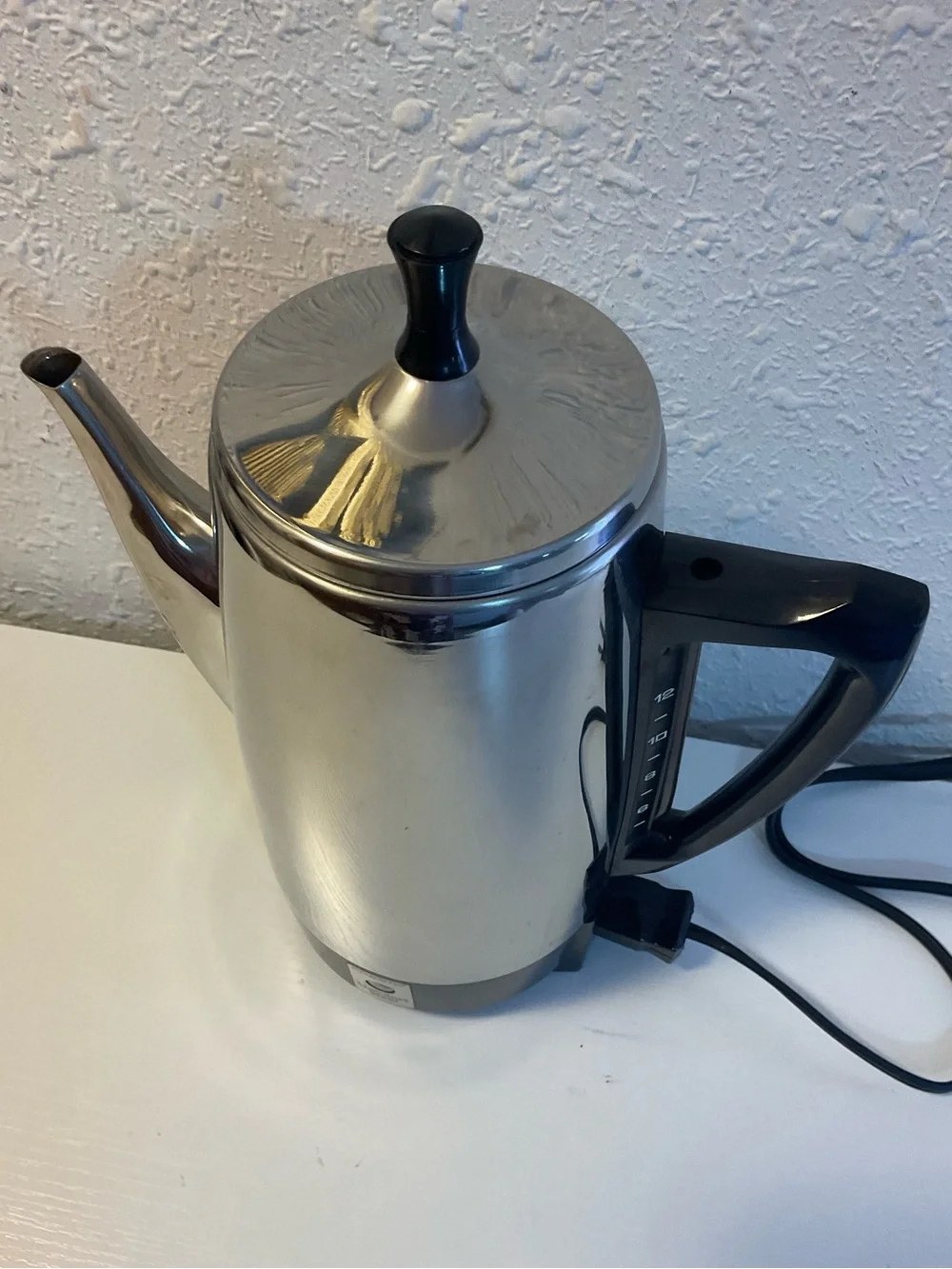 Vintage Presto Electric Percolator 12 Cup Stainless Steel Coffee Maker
* * *
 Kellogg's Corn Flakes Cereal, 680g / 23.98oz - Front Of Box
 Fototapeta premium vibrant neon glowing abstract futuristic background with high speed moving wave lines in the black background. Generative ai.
==
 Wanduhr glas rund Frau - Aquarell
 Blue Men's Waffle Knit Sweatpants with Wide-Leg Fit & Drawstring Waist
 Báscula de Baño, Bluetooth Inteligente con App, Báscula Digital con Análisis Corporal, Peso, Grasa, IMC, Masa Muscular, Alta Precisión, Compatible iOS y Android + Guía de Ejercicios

> [What you have to do]:
All lines in the data above from the one with "Blue Men's Waffle" through the one with "Báscula de Baño, Bluetooth" must be repeated exactly, and no others.

> [Reply]:
 Blue Men's Waffle Knit Sweatpants with Wide-Leg Fit & Drawstring Waist
 Báscula de Baño, Bluetooth Inteligente con App, Báscula Digital con Análisis Corporal, Peso, Grasa, IMC, Masa Muscular, Alta Precisión, Compatible iOS y Android + Guía de Ejercicios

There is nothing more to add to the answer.